Frederick établit un centre de réfugiés pour les Juifs persécutés qui, reniés par leurs familles et leurs amis, se retrouvaient sans ressources. Il se lança également dans la rédaction de revues évangéliques en yiddish – The Good Tidings of the Messiah, The Messenger, et d’autres tracts et brochures ; enfin, il prit la parole dans des synagogues et des salles. Son zèle attisa la fureur de ses ennemis, lesquels lui envoyèrent des lettres de menaces de mort. Dès que l’occasion se présentait, on le rouait de coups ; parfois, il ressortait de ces agressions la tête ensanglantée et d’autres fois, le corps tout meurtri. Mais il endura toutes ces choses et souffrit avec joie pour son Messie.
En 1907, sur la recommandation de Frederick, la Fédération du centre de la Nouvelle-Angleterre créa un département juif. Frederick en fut le premier directeur. Il développa des stratégies et collecta des fonds pour atteindre la population juive de la Nouvelle-Angleterre, laquelle croissait rapidement dans le Grand Boston et dans d’autres villes le long de la côte est.

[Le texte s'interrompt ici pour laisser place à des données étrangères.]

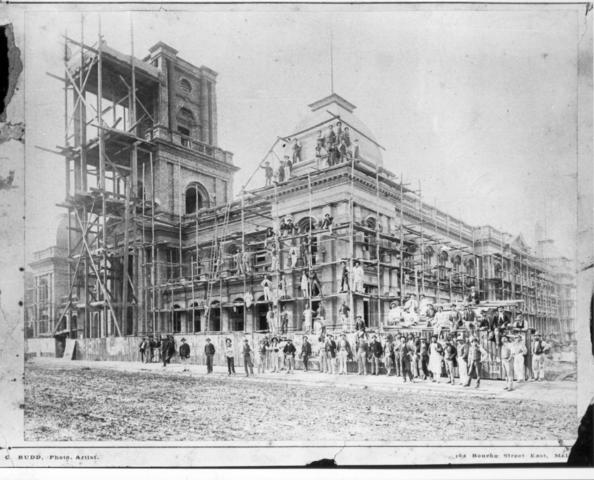 Work in progress on the town hall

Il fut aussi le premier représentant juif de l’Union des fédérations de l’Atlantique, se joignant à M. L. Andreason (le représentant scandinave), et à J. K. Humphrey (le représentant noir) en tant que spécialistes en missiologie ethnique.

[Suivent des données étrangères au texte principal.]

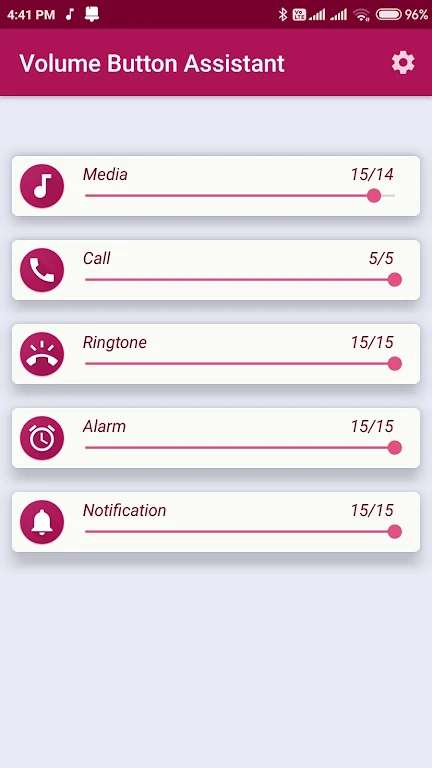Volume Button Assistant Ảnh chụp màn hình 2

En 1908, Ellen White encouragea Frederick en ces termes : « Mon frère, les Juifs ne sont pas les seuls que vous aidez par votre travail. Nos frères ont besoin de votre exemple. Je vous en supplie : soyez de bon courage. Dans vos efforts, n’attendez pas quelque occasion extraordinaire et merveilleuse, mais saisissez les occasions telles qu’elles se présentent. En utilisant fidèlement les occasions qui s’offrent à eux, les serviteurs de Dieu confirmeront la puissance de la vérité. »

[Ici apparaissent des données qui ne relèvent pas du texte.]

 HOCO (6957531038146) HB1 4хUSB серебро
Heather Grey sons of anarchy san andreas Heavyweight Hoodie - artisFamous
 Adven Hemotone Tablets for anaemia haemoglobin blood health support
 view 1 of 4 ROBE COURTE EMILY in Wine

En 1913, à la demande de Frederick, le Département nord-américain pour les étrangers établit le comité consultatif du Département juif. Frederick en fut le directeur. Cinq ans plus tard, il devint directeur du comité consultatif juif de la Conférence générale.
En raison de son âge, Frederick dut renoncer à travailler pour son peuple dans les ghettos. Il entreprit alors d’écrire des livres pour les Juifs, dans lesquels il exposa les multiples similitudes entre le judaïsme et l’adventisme. Ses ouvrages fort élaborés, tels que Practical Lessons from the Experience of Israel, Messiah in His Sanctuary, et Judaism and Christianity présentent le Christ en tant que point culminant et accomplissement des rites culturels hébraïques, et exercent encore une influence puissante aujourd’hui.
De 1922 jusqu’à sa mort le 31 août 1946, Frederick servit en tant que secrétaire itinérant pour la Conférence générale.
Les méthodes du Christ
Pour atteindre les 350 millions d’habitants de son territoire, la Division nord-américaine a mis sur pied un modèle d’évangélisation en six étapes, lequel se fonde sur le ministère du Christ. La vie et le ministère de Frederick Carnes Gilbert incarne chacune de ces étapes. « Au début de l’œuvre missionnaire, dit-il, nous avons senti qu’il nous fallait suivre les méthodes du Sauveur autant que possible. » Ces méthodes produisirent une moisson exceptionnelle : elles atteignirent « des dizaines de milliers de Juifs à Boston » et ailleurs. « Des Juifs partirent de leurs villes respectives et parcoururent de longues distances pour se rendre à la mission située à Boston. Ils nous dirent qu’ils avaient entendu parler de l’œuvre qui avait été lancée pour leurs frères. »
Le témoignage extraordinaire d’un chrétien non adventiste ayant assisté un jour aux réunions de Frederick est très édifiant. « Il me semblait, dit-il à Frederick, que le Nouveau Testament reprenait vie, et c’était, assurément, merveilleux. Cela est très convaincant pour moi. »
Benjamin Baker est archiviste adjoint de la Conférence générale.